Three primary kinds of benign tumours are found in the lungs.
Hamaratomas make up 75 per cent of benign lung tumours, the most common type found. They can occur in children, but the majority of these are found in adults and are located on the edges of the lungs. Bronchial adenomas account for half of all benign pulmonary tumours. This term also includes characinoid tumours and mucoepidermoid carcinomas, both of which are actually low-level malignant lung tumours. Mucous gland adenomas are the third main type of benign lung tumour. They're completely malignancy-free, found in the main or smaller bronchi.
Regardless of type, most benign lung tumours arise on the lung's outer periphery. These non-life-threatening nodules can also be found within the lungs' centrally located tracheobronchal tree. The most common type of benign lung tumour, hamaratomas, occur on the lungs' periphery and are generally made up of fat, cartilage and epithelial cell tissue. They are firm and marble-like growths. Bronchial adenomas sprout from mucous glands and tracheal (or windpipe) ducts and are identified by their ability to spread very slowly, since they are low-grade malignant tumours. Found in both the main and local bronchi, mucous gland adenomas are column-like in appearance and are sometimes shaped like small mushrooms.
The average patient diagnosed with benign lung tumours is 45 to 50 years old, and the incidence of the hamaratoma benign lung tumour peaks in patients from 50 to 60. Meanwhile, a mere 6 per cent of common benign tumours of the lung have been found in patients younger than 30. These cases are also very rare among children and adolescents.

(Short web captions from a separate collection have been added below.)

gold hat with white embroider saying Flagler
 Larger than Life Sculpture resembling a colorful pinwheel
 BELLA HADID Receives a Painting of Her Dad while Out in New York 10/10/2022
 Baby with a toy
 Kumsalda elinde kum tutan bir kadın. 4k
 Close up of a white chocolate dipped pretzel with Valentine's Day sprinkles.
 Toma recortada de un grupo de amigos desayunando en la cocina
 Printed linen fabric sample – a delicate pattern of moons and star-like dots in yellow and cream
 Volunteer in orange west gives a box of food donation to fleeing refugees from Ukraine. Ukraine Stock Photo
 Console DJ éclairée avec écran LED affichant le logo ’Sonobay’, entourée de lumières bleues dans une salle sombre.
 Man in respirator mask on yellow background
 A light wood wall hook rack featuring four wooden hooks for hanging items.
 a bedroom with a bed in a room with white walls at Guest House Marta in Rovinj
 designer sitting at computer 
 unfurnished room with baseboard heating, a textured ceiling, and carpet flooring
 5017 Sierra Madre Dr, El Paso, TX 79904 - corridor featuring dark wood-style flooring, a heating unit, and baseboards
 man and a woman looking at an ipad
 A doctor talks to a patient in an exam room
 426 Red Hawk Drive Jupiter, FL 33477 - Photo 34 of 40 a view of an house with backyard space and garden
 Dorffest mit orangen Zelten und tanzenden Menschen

Doctors can opt to perform surgery to remove benign lung tumours, and do so primarily to ensure there are no potentially harmful lesions on the lungs. Cancer-free lung masses are also frequently removed in cases where they provoke troublesome symptoms, such as pneumonia or collapsing lung tissue.
Detecting the symptoms of benign lung tumours are key in leading to their diagnosis and removal. Symptoms include a range of behaviours such as persistent coughing and wheezing, shortness of breath, coughing up of blood, fever or a rattling sound in the lungs. Although non-cancerous tumours of the lung generally don't endanger a patient's health, some can obstruct the lungs, facilitating pneumonia, lung tissue collapse and difficulty breathing.